Task to carry out: Write out every line below again exactly as it stands, skipping each image.

Data:
▶

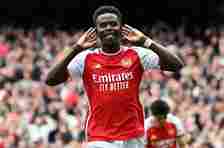 Bukayo Saka celebrates scoring the opening goal from the penalty spot during the English Premier League football match between Arsenal and Bournemouth at the Emirates Stadium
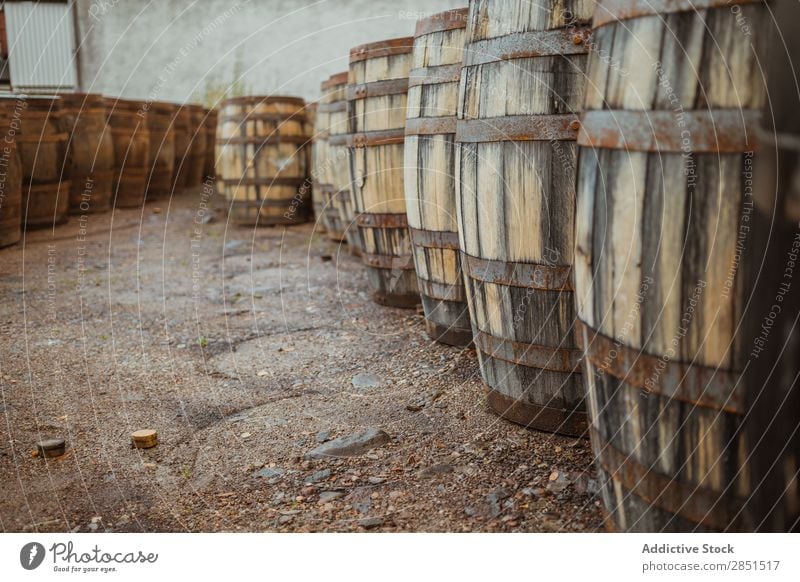 Holzfässer auf Steinoberfläche Fässer arrangiert Weingut Lager Produktion Fabrik Lagerhalle Alkohol Getränk Stapel Sammlung rustikal Ordnung Straßenbelag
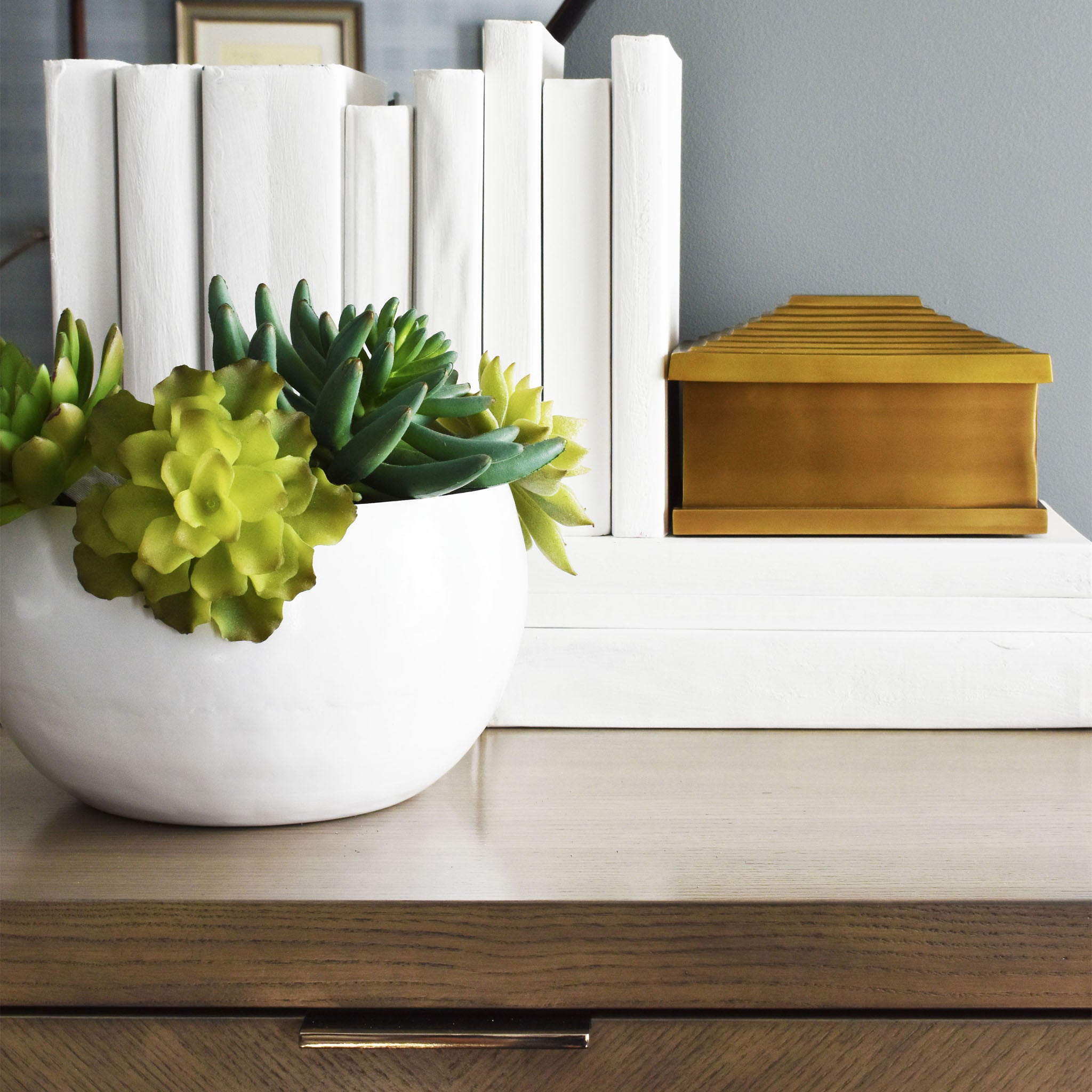 White enamel bowl with antique brass interior finish filled with succulents in front of white stacked books and brass pyramid box.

◀

Expected output:
 Bukayo Saka celebrates scoring the opening goal from the penalty spot during the English Premier League football match between Arsenal and Bournemouth at the Emirates Stadium
 Holzfässer auf Steinoberfläche Fässer arrangiert Weingut Lager Produktion Fabrik Lagerhalle Alkohol Getränk Stapel Sammlung rustikal Ordnung Straßenbelag
 White enamel bowl with antique brass interior finish filled with succulents in front of white stacked books and brass pyramid box.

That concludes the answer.